*** Extracted data

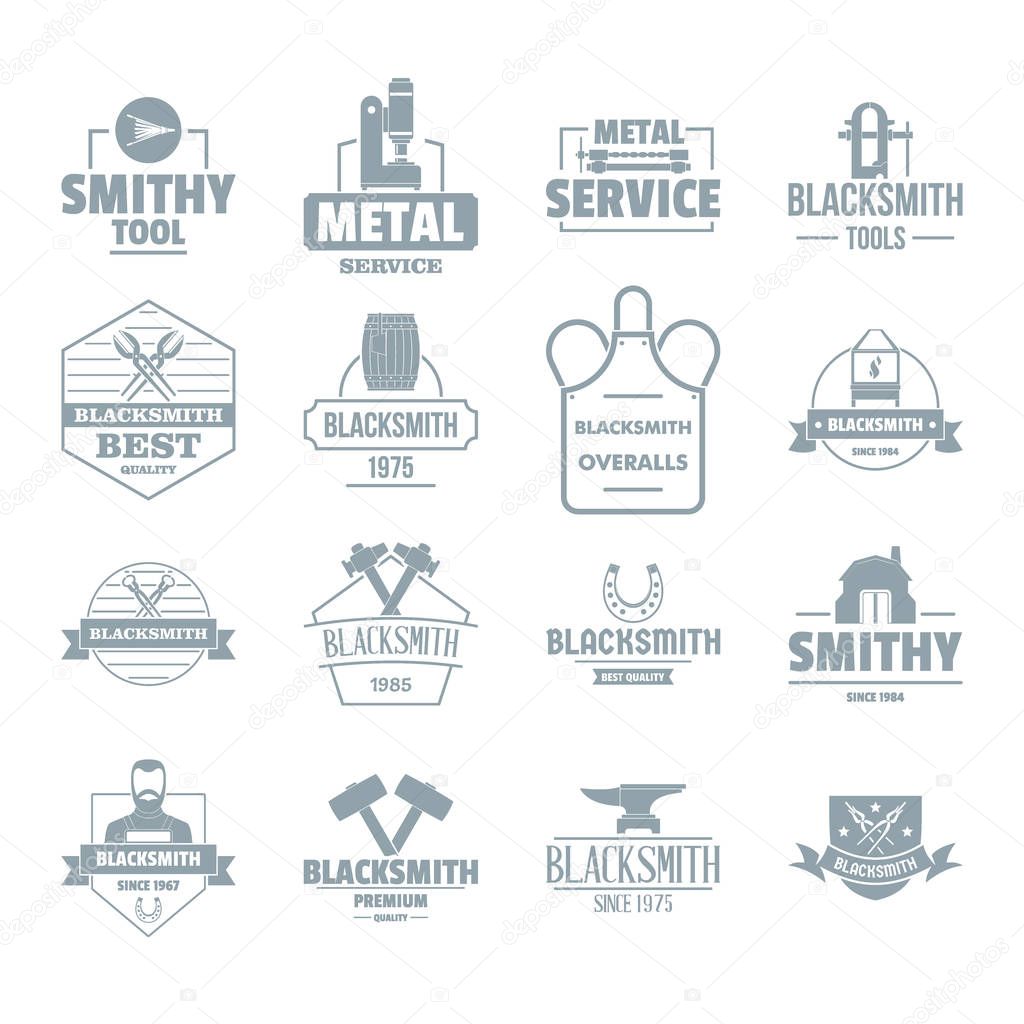 Blacksmith metal logo icons set, simple style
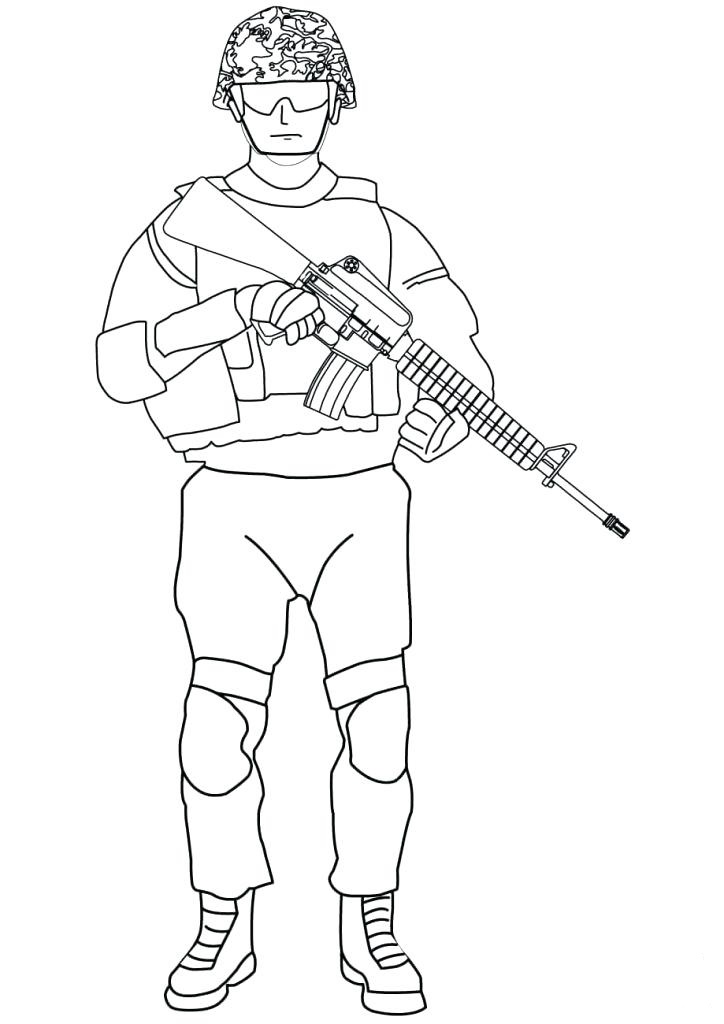 Soldier Holding A Gun Coloring Page - Free Printable Coloring Pages for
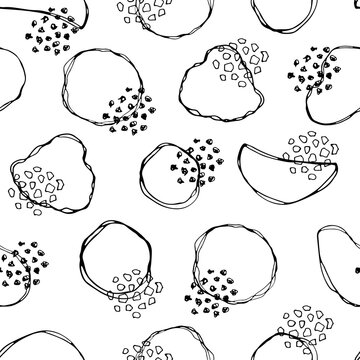 Abstracts is a collection of hand-drawn watercolor seamless patterns with abstract shapes,  lines, dots, and strokes illustrations.
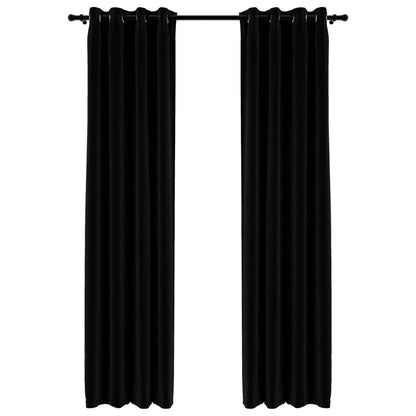 Gordijnen Linnen-Look Verduisterend Ogen 140 x 245 cm Zwart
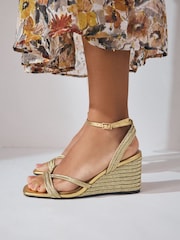 Gold Forever Comfort® Square Toe Strappy Espadrille Wedges - Image 1 of 4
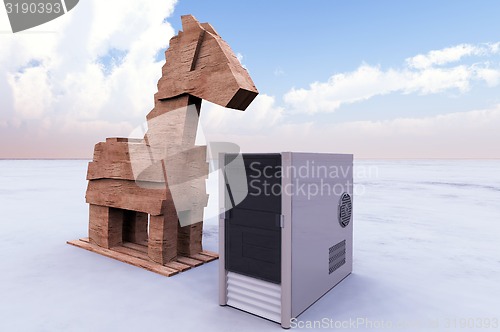 Image of Trojan horse and computer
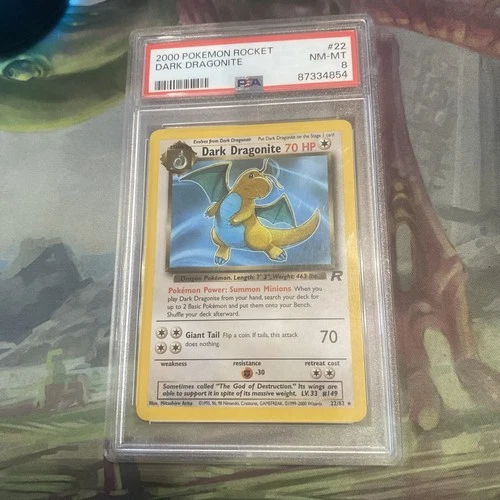 2000 pokemon rocket dark dragonite 22 PSA 8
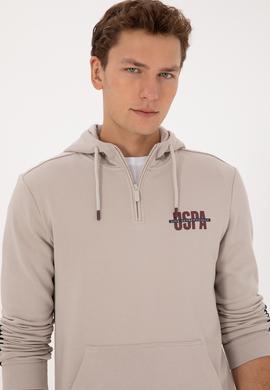 Erkek Regular Fit Yarım Fermuarlı Kapüşonlu Taş Sweatshirt - 50315525037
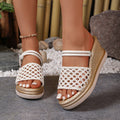 Damen modische Keil-Sandalen mit Netzdesign
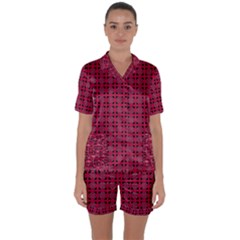 Df Ricky Purplish Satin Short Sleeve Pyjamas Set by deformigo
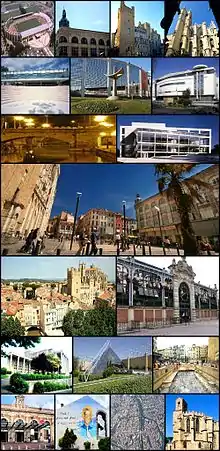 From left to right, top to bottom: The Parc des sports et de l'amitié stadium; historic department store Aux Dames de France; the Archbishop's Palace; Saint-Just-et-Saint-Pasteur Cathedral; the Médiathèque library and multi-media center; a sculpture on the stadium grounds; the Hall of Justice; Voltaire Bridge; the Narbonne Théâtre; City Hall square; Merchants' Bridge with a view of the Archbishop's Palace; the Cathedral and the Canal de la Robine; Les Halles covered market; the Palais des Sports, des Arts et du Travail sports, arts and work complex; the Espace de Liberté multi-use center; the Via Domitia; the Narbonne train station; Charles Trenet, born in Narbonne; an aerial view of the city center; former church Notre-Dame de Lamourguier, now the Lapidary Museum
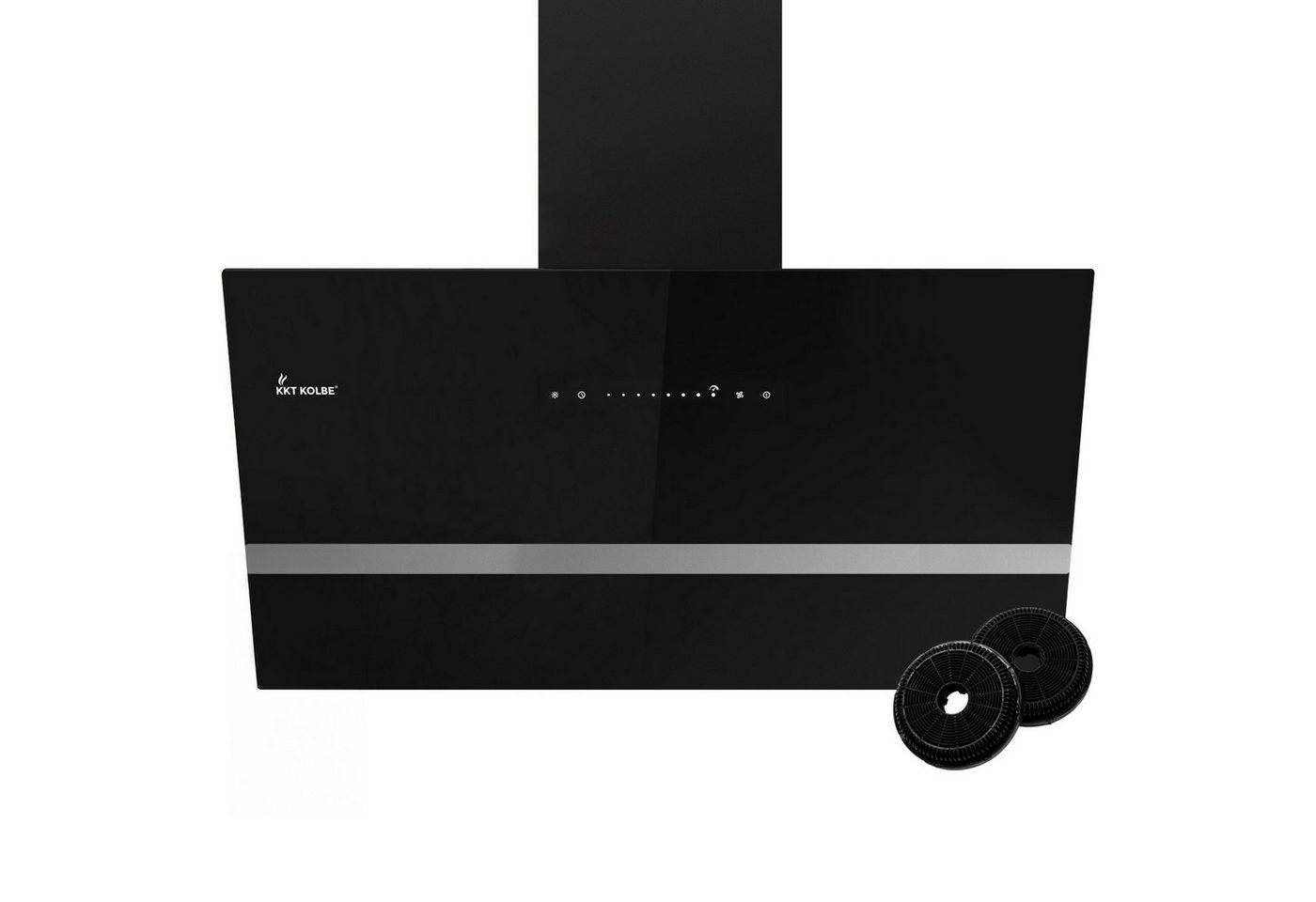 KKT KOLBE Wandhaube Dunstabzugshaube 90cm EASY9005SM RGBW Ambientebeleuchtung Abzugshaube / Schräghaube / 90cm / Schwarz / Glas / LED / WiFi-App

******

*What the task requires*
I would like the exact lines from the data above, starting with the one that holds "Erkek Regular Fit" and going on through the one that holds "Df Ricky Purplish", without the pictures.

*Result of this exercise*
 Erkek Regular Fit Yarım Fermuarlı Kapüşonlu Taş Sweatshirt - 50315525037
 Damen modische Keil-Sandalen mit Netzdesign
 Df Ricky Purplish Satin Short Sleeve Pyjamas Set by deformigo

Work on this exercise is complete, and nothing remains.